(Short web captions)
- Opening Delimiter -
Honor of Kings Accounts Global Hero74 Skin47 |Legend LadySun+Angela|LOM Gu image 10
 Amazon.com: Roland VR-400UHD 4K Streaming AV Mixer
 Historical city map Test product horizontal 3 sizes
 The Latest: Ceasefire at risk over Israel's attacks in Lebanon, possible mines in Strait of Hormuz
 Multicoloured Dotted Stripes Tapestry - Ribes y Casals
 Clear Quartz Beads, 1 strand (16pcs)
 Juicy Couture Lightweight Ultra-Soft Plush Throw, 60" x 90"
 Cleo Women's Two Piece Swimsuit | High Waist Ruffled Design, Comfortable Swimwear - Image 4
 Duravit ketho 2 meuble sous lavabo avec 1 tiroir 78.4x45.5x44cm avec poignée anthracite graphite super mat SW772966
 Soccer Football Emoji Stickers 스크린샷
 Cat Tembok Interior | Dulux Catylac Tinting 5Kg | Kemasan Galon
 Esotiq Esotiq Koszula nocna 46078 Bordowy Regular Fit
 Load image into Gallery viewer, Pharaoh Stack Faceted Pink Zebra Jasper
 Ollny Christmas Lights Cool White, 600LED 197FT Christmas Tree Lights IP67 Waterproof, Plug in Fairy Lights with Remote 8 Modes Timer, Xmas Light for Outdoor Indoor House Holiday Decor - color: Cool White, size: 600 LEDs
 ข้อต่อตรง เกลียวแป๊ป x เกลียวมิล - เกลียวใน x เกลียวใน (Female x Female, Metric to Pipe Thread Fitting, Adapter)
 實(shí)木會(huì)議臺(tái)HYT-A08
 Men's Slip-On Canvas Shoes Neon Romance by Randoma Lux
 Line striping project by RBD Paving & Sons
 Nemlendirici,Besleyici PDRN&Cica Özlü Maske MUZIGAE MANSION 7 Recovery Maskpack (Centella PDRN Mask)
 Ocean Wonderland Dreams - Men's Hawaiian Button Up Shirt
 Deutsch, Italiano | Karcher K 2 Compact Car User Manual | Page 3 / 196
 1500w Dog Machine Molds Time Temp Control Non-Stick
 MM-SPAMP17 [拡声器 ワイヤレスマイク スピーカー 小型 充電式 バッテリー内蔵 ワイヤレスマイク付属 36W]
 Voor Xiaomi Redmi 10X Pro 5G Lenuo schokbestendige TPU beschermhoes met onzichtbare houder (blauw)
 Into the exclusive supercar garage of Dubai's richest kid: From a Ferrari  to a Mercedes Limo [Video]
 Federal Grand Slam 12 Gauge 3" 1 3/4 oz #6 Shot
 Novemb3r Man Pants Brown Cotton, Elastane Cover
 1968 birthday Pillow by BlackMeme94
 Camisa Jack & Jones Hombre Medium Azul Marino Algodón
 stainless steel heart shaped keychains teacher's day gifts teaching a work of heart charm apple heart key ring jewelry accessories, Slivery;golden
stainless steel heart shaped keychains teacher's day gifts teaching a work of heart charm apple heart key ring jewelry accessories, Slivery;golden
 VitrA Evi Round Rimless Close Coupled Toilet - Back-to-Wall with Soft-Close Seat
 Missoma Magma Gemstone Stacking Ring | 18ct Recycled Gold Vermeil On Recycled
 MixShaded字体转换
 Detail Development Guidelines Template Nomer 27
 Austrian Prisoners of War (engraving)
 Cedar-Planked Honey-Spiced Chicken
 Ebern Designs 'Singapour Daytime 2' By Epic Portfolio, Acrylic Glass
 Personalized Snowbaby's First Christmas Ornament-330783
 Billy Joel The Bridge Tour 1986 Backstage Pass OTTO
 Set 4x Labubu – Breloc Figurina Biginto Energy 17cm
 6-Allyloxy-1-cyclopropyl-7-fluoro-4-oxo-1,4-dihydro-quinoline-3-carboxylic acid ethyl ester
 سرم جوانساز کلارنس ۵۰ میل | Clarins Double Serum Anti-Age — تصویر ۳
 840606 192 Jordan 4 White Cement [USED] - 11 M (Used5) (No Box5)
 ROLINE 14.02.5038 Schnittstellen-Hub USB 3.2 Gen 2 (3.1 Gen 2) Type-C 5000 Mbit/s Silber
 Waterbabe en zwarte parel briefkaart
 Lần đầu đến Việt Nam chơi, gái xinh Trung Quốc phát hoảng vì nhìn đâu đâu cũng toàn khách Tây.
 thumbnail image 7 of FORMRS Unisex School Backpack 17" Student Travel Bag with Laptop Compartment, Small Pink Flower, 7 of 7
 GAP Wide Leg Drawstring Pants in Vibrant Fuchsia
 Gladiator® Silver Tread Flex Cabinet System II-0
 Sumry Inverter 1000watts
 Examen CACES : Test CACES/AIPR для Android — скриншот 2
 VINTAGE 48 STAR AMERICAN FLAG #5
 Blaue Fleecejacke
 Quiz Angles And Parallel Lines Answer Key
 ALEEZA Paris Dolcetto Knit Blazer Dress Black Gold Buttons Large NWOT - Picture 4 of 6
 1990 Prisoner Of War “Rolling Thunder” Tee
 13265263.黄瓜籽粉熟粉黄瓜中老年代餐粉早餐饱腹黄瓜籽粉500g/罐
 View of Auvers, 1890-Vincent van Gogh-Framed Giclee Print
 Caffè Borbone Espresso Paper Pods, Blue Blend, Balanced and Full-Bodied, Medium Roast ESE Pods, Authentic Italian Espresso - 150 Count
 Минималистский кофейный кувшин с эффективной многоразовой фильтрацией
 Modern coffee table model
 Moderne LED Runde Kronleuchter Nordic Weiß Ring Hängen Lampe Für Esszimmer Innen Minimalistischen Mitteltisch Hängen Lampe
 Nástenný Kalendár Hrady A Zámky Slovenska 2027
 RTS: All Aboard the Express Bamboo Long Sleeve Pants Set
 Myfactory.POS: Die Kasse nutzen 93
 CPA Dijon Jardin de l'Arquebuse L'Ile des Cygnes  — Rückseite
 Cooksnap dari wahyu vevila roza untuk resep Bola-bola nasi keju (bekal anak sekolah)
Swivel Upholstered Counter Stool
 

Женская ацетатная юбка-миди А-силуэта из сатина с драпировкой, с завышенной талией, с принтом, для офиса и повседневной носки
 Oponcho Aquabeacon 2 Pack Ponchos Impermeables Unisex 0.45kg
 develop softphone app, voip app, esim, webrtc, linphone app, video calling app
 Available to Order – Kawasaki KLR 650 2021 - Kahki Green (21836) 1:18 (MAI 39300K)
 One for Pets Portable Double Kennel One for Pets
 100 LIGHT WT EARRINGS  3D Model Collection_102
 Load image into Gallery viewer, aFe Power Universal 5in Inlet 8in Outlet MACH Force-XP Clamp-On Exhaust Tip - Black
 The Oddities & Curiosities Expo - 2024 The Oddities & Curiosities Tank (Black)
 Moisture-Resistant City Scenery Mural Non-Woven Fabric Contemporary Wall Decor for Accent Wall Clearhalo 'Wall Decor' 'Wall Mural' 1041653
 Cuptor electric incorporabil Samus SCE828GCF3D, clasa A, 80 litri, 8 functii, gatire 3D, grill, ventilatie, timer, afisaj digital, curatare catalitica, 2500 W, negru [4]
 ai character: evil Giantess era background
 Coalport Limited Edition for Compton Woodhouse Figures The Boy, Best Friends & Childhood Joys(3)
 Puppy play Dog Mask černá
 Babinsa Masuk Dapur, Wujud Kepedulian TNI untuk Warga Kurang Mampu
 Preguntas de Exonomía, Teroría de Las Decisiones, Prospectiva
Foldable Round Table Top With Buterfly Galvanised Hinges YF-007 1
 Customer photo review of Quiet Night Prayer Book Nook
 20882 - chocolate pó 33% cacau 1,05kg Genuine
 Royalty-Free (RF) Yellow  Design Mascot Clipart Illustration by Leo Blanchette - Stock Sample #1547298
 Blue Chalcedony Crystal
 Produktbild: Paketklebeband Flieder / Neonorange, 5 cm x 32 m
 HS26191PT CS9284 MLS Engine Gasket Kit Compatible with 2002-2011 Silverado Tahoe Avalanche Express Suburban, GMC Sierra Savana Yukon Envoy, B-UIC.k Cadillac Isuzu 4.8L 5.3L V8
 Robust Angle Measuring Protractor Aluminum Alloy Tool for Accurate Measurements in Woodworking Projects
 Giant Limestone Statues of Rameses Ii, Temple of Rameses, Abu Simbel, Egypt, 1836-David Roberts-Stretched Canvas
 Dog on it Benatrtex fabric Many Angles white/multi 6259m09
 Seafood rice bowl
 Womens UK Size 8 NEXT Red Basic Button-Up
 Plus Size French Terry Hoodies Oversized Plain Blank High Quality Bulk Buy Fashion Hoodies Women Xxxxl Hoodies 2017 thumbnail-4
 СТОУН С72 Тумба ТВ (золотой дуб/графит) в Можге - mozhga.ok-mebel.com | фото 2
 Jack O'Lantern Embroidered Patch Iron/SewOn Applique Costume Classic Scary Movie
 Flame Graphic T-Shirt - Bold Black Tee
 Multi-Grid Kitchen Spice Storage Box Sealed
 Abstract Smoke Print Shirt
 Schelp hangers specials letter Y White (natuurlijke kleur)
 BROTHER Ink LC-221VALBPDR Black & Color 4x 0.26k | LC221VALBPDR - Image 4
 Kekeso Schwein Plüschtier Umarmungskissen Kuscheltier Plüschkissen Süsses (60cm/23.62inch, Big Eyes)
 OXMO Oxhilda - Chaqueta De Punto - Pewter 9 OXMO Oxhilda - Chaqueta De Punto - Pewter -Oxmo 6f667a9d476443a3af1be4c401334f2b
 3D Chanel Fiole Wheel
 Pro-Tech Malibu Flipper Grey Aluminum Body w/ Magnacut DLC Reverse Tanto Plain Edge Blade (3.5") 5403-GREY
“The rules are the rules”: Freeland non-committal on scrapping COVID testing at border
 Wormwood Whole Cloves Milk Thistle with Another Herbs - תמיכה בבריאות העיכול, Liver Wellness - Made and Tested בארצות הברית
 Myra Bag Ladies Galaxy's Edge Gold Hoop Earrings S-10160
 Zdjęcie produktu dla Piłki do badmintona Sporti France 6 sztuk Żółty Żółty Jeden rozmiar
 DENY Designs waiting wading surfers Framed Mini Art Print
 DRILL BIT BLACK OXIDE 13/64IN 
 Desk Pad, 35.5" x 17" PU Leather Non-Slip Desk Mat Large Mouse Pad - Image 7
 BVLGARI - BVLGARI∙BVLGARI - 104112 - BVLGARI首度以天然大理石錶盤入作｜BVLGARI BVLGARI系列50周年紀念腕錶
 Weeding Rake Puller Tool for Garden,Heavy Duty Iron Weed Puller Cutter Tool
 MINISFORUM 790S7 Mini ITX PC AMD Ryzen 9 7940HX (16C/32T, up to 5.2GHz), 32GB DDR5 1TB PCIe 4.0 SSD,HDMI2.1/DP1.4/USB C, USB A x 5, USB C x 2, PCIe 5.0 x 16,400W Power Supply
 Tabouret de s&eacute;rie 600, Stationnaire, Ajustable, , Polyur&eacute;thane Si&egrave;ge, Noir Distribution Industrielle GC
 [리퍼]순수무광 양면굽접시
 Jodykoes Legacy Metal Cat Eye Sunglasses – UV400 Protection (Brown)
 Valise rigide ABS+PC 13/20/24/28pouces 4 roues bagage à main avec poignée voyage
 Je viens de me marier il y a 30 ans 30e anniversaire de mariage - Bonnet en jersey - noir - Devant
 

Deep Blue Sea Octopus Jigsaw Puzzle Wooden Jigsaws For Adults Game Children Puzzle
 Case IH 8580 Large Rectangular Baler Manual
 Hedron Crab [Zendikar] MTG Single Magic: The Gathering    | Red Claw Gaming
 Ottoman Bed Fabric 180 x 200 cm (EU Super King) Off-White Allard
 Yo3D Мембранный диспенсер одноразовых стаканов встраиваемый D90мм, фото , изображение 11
- Closing Delimiter -
- **What you will do**
Give again, exactly as written, every line from the first one above through the line that has "Soccer Football Emoji Stickers 스크린샷" in it.

- **Problem solution**
Honor of Kings Accounts Global Hero74 Skin47 |Legend LadySun+Angela|LOM Gu image 10
 Amazon.com: Roland VR-400UHD 4K Streaming AV Mixer
 Historical city map Test product horizontal 3 sizes
 The Latest: Ceasefire at risk over Israel's attacks in Lebanon, possible mines in Strait of Hormuz
 Multicoloured Dotted Stripes Tapestry - Ribes y Casals
 Clear Quartz Beads, 1 strand (16pcs)
 Juicy Couture Lightweight Ultra-Soft Plush Throw, 60" x 90"
 Cleo Women's Two Piece Swimsuit | High Waist Ruffled Design, Comfortable Swimwear - Image 4
 Duravit ketho 2 meuble sous lavabo avec 1 tiroir 78.4x45.5x44cm avec poignée anthracite graphite super mat SW772966
 Soccer Football Emoji Stickers 스크린샷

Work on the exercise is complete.